What to do: Report, as a bare number, how many lines of the material below contain the word "Storage".

The input:
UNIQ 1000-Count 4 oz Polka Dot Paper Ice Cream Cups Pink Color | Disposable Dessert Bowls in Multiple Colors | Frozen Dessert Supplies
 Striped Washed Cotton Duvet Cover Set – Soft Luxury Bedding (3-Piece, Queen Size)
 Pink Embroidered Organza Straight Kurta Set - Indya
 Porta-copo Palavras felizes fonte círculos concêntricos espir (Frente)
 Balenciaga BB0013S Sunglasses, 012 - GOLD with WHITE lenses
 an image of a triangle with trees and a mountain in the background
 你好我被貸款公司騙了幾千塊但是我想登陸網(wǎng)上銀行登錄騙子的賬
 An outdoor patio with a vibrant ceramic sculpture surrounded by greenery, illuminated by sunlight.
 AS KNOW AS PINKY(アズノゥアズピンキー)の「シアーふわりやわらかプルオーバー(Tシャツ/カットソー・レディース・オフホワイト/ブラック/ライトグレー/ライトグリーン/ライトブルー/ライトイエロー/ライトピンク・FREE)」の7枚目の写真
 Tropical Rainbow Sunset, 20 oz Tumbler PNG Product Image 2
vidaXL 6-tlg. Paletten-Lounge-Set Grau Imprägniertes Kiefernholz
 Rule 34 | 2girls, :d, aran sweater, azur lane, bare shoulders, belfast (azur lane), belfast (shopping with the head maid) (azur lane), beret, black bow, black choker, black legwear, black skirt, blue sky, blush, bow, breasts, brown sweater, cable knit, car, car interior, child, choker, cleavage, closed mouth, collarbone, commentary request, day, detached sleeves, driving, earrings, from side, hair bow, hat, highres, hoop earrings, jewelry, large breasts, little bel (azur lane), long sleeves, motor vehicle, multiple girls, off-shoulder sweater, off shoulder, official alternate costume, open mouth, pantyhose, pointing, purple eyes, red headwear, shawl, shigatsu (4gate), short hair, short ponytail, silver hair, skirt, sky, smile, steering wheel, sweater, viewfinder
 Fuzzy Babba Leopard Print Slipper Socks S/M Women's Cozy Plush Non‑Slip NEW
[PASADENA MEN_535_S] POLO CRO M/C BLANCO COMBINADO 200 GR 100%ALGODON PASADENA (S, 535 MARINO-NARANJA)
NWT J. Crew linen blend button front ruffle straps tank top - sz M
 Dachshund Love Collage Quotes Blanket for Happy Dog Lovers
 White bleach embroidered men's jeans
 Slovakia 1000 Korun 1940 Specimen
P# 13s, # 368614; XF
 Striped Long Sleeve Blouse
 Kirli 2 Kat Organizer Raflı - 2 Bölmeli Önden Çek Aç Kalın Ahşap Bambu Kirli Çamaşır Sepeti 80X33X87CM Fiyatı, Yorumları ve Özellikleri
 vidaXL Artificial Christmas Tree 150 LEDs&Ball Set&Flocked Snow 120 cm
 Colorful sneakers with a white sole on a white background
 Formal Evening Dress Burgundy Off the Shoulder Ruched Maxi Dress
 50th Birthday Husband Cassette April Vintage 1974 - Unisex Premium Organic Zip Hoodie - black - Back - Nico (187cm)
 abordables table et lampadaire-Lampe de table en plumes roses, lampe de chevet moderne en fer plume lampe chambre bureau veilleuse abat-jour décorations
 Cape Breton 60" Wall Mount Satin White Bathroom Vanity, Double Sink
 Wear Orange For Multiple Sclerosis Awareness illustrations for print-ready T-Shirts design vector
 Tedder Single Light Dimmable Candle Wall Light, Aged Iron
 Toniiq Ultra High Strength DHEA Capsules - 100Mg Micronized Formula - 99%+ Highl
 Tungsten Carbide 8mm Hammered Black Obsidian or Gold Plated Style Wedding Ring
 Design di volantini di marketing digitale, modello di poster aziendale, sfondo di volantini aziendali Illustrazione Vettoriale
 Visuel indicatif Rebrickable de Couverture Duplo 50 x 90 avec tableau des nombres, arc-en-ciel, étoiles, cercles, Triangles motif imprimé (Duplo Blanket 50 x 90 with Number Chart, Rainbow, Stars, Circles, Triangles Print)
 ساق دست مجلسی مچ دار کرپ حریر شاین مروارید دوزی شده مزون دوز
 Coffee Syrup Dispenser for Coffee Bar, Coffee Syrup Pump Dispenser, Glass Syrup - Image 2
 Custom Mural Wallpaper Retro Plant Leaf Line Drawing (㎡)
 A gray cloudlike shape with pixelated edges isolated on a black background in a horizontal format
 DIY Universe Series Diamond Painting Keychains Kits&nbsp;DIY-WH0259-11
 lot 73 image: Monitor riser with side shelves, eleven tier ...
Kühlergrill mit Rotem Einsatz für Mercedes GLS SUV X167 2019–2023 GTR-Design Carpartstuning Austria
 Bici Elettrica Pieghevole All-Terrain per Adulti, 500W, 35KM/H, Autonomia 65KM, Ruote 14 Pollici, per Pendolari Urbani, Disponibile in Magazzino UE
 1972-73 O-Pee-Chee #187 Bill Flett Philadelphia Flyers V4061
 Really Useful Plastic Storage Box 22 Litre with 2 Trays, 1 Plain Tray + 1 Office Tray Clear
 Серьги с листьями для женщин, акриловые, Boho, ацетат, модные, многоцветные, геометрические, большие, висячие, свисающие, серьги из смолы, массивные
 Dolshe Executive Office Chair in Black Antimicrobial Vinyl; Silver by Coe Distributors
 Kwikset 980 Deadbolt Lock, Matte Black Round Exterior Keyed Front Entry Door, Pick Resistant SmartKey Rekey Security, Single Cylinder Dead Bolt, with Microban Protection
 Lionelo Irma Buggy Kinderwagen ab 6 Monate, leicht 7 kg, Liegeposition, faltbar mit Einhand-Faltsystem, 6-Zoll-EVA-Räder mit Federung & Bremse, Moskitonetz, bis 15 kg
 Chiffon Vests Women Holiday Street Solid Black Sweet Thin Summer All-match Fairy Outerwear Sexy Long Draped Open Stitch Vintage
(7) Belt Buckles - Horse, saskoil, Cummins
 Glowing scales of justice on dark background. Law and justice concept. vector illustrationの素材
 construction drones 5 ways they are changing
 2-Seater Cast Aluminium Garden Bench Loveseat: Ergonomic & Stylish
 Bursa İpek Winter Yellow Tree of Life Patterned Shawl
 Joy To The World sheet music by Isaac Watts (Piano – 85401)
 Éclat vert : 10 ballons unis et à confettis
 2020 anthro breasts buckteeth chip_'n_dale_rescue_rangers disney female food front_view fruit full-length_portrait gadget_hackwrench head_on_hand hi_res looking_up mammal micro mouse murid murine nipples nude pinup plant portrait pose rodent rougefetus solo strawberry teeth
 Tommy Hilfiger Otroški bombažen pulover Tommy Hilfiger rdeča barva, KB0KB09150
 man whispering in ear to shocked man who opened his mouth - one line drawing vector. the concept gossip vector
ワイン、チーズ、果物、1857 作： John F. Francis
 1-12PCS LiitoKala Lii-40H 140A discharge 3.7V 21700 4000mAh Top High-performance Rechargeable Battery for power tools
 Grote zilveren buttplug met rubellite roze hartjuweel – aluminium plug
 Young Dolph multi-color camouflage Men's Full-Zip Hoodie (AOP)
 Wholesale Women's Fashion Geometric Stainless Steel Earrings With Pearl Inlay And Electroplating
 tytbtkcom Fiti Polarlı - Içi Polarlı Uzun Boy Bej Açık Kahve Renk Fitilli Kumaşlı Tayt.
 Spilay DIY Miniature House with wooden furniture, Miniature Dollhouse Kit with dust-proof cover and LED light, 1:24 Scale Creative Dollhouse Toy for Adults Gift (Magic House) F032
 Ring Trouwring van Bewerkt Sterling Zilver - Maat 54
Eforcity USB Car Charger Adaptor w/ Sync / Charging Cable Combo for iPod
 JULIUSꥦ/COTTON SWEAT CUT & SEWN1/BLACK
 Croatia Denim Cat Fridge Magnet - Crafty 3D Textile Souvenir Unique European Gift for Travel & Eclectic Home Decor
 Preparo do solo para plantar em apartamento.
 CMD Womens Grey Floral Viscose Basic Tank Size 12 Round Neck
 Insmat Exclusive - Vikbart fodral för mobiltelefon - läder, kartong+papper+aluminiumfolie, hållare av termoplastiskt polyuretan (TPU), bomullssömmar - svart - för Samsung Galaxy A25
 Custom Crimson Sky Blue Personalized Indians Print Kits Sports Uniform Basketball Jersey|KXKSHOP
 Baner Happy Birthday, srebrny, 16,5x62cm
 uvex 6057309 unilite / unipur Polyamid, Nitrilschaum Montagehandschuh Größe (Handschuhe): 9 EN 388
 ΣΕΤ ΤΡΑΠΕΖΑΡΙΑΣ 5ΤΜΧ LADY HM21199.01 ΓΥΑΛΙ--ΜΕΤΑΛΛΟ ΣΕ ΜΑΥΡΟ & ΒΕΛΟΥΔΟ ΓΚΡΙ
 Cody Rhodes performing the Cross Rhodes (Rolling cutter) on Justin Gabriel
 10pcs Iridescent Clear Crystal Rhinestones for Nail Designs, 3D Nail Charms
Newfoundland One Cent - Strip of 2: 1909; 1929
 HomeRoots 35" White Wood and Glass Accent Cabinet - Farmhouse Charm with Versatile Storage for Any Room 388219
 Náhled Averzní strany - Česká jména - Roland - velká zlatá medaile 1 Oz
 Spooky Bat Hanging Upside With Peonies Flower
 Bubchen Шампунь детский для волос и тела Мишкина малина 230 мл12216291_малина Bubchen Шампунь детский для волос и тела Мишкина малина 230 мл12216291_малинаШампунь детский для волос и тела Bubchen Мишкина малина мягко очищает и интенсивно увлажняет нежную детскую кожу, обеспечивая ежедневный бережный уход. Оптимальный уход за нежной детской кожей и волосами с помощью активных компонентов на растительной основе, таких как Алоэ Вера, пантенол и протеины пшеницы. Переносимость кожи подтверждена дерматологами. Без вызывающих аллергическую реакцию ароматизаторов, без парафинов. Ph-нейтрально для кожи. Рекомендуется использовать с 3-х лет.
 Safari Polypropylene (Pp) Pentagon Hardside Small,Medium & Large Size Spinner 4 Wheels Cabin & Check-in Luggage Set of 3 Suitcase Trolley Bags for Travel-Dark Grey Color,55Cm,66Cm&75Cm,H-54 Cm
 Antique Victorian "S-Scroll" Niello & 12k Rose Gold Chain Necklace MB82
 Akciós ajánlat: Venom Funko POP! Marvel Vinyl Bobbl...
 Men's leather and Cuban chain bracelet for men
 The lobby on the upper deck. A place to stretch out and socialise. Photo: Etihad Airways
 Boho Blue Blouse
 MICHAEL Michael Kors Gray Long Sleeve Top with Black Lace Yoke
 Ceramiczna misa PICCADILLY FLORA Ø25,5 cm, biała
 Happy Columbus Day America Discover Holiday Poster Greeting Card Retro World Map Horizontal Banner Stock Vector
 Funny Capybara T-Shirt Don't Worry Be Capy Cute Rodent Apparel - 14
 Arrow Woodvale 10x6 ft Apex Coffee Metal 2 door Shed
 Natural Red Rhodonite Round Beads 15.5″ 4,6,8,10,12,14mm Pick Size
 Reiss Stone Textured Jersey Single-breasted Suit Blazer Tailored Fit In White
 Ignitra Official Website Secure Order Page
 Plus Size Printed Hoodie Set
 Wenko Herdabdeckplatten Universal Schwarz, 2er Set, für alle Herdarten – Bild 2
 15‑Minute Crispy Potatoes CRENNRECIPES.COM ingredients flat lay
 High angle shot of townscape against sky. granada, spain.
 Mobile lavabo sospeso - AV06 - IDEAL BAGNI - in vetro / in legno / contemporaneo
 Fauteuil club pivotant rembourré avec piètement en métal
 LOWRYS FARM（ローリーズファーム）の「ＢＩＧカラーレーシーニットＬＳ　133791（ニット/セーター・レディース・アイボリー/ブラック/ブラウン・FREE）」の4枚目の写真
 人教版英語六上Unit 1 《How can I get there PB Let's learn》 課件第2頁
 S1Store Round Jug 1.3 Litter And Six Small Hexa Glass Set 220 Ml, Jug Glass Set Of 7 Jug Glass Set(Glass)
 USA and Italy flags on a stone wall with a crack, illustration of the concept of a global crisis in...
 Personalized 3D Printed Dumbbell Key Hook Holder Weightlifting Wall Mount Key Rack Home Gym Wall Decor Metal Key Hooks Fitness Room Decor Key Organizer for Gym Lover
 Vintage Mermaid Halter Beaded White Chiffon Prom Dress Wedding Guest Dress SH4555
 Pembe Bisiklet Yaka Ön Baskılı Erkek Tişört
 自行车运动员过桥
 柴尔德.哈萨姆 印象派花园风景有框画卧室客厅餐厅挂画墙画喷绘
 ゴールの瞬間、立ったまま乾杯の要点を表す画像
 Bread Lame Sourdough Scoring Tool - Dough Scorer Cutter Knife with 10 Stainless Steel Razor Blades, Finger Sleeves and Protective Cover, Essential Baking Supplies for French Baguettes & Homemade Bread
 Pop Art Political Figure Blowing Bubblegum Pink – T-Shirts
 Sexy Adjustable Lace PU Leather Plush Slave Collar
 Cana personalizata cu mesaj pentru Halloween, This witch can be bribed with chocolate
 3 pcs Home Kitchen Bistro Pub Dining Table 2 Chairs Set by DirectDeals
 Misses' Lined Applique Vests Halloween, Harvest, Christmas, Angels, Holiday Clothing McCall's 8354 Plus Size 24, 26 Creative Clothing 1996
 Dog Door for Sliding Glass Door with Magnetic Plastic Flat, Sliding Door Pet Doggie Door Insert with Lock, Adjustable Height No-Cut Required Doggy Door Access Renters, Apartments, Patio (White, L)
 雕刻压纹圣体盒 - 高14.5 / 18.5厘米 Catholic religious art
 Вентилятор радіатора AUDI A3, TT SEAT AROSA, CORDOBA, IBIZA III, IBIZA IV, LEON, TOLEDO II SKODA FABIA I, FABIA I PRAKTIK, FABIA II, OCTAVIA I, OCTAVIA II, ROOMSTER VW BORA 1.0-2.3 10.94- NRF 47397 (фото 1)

Output for this exercise: 2